- First tankōbon volume cover

限界OLさんは悪役令嬢さまに仕えたい (Genkai OL-san wa Akuyaku Reijō-sama ni Tsukaetai)
- Genre: Isekai; Yuri;
- Written by: Nekotarou
- Published by: Akita Shoten
- English publisher: NA: Seven Seas Entertainment;
- Imprint: Young Champion Comics
- Magazine: Dokodemo Young Champion
- Original run: August 23, 2022 – present
- Volumes: 6

= The Fed-Up Office Lady Wants to Serve the Villainess =

Japanese manga series

The Fed-Up Office Lady Wants to Serve the Villainess (限界OLさんは悪役令嬢さまに仕えたい, Genkai OL-san wa Akuyaku Reijō-sama ni Tsukaetai) is a Japanese manga series written and illustrated by Nekotarou. It began serialization in Akita Shoten's digital seinen manga magazine Dokodemo Young Champion in August 2022.

==Plot==
Natori Midori is a temporary worker who puts a lot of effort into everything she does. One day, the company that she had been working at for three years abruptly terminates her contract. Feeling depressed and wondering if there will ever be a job she can dedicate herself to, Natori opens a mobile game that she had been playing, only to be magically summoned into its fictional world. She lands beside the person who summoned her: Lapis Tenebrae, a cruel and ruthless villainess who betrays the game's protagonist. In a desperate situation, Natori pretends that her knowledge of the game's plot is a clairvoyant psychic ability, and uses it to help Lapis avoid the danger that was about to befall her. As a result, Lapis takes a liking to Natori, and she begins working as Lapis' secretary. In addition to navigating her secretarial duties, Natori begins to see another side of Lapis, and dedicates herself to saving Lapis from a plot-mandated death.

==Publication==
Written and illustrated by Nekotarou, The Fed-Up Office Lady Wants to Serve the Villainess began serialization on Akita Shoten's digital seinen manga magazine Dokodemo Young Champion on August 23, 2022. Its chapters have been collected into six tankōbon volumes as of April 2026.

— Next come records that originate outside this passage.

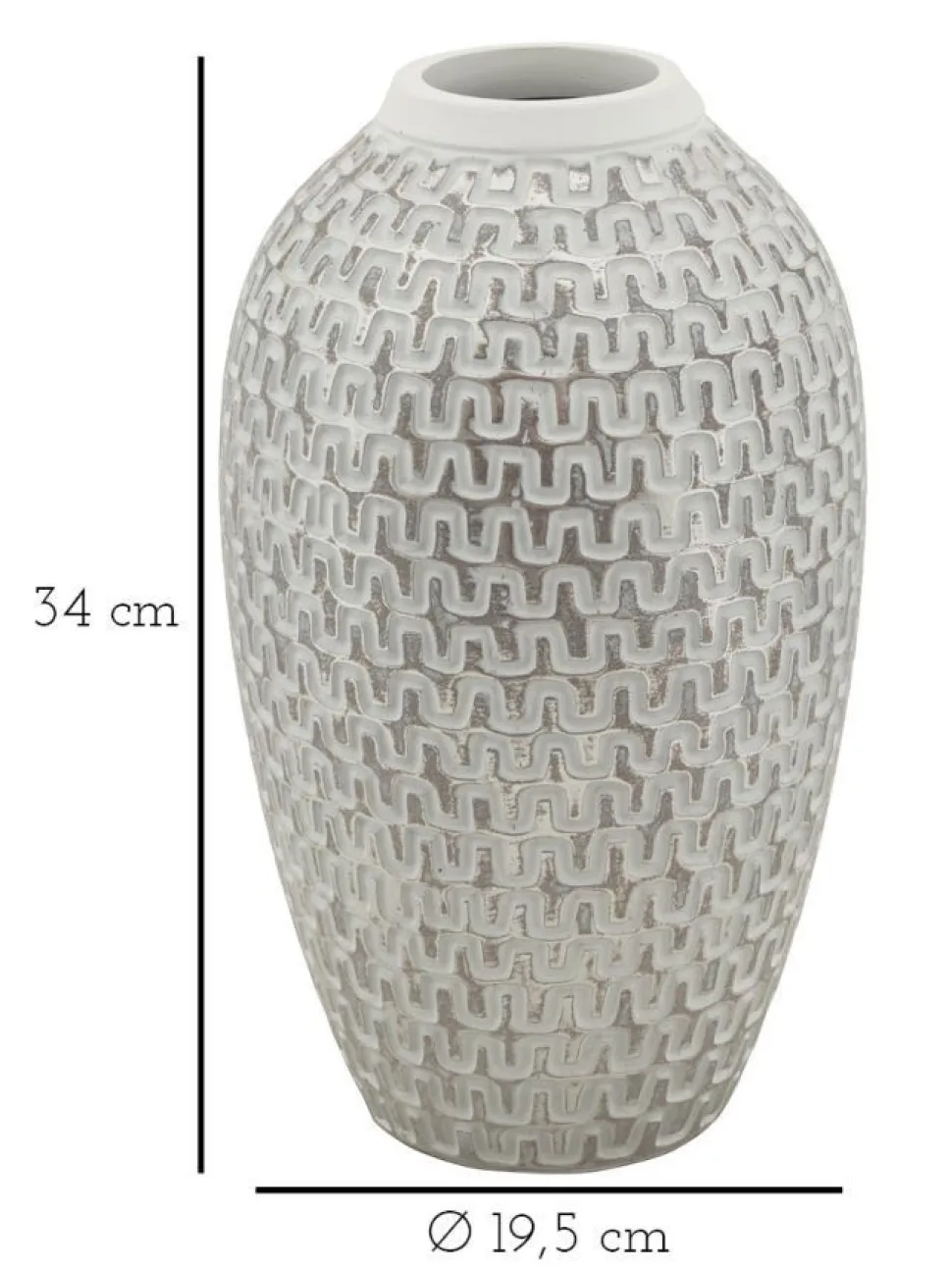 Vase en polyrésine blanc et or décoré sculptures médiévales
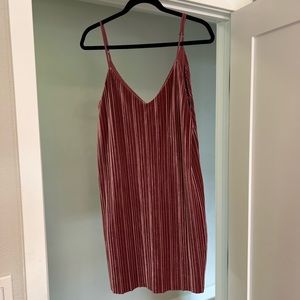 Adorable soft pink/mauve velvet, Bardot mini dress size Large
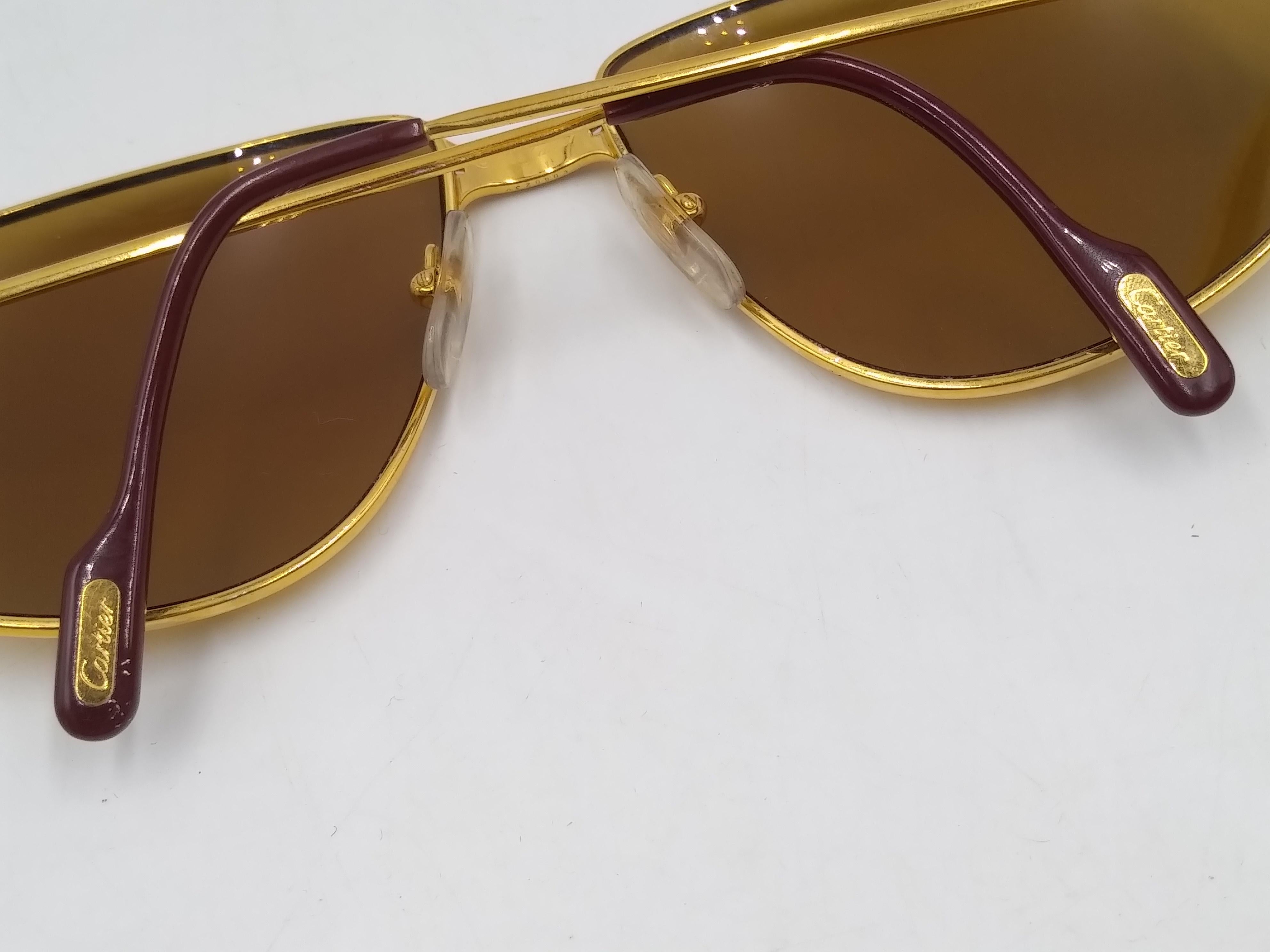 Cartier Panthere 63/16 Gold Plated Sunglasses, 1988 In Good Condition In Lugano, Ticino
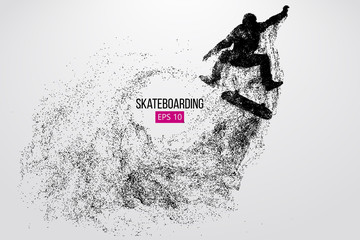 Silhouette of a skateboarder. Vector illustration © matrosovv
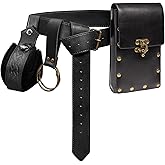 Belt Pouch Waist Bag Fanny Pack Steampunk Phone Holder Medieval Bag Leather Belt Renaissance Cosplay Costume Accessories (2Pouch-Black)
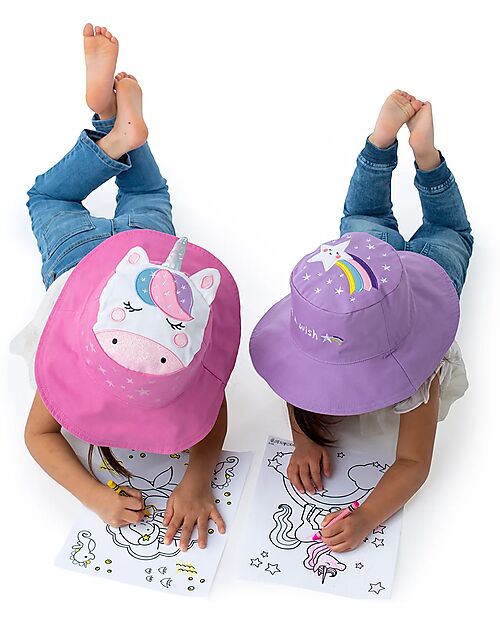 FlapJackKids Reversible Summer Hat Anti-UV UPF 50+ - Unicorn+Star - 100% Cotton Sunhats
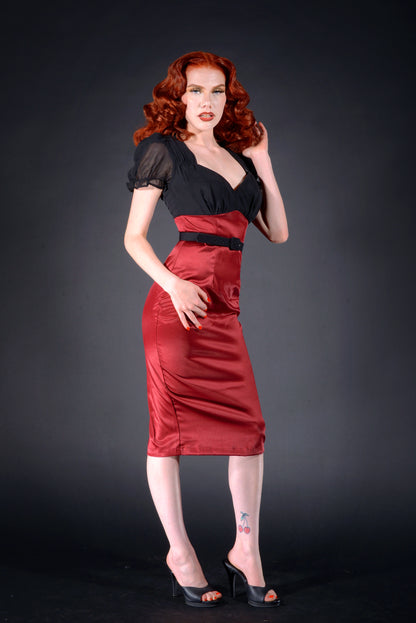 Feronia Vintage Wiggle Dress in Wine Satin with Black Chiffon Trim | Pinup Couture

On February 12, 2025, Seven Seas Entertainment announced that they had licensed the series for English publication beginning in August 2025.

| No. | Original release date | Original ISBN | North American release date | North American ISBN |
| 1 | February 20, 2023 | 978-4-253-31011-6 | August 26, 2025 | 979-8-89561-111-1 |
| Chapters 1–5; | Bonus; |
| 2 | September 27, 2023 | 978-4-253-31012-3 | December 16, 2025 | 979-8-89561-112-8 |
| Chapters 6–11; | Bonus; |
| 3 | May 20, 2024 | 978-4-253-31013-0 | April 28, 2026 | 979-8-89561-113-5 |
| Chapters 12–17; | Bonus; |
| 4 | March 27, 2025 | 978-4-253-31014-7 | August 18, 2026 | 979-8-89561-529-4 |
| Chapters 18–23; | Bonus; |
| 5 | October 27, 2025 | 978-4-253-00481-7 | December 22, 2026 | 979-8-89863-245-8 |
| 6 | April 27, 2026 | 978-4-253-01320-8 | May 18, 2027 | 979-8-90209-045-8 |

==Reception==
The series was nominated for the ninth Next Manga Awards in the web category.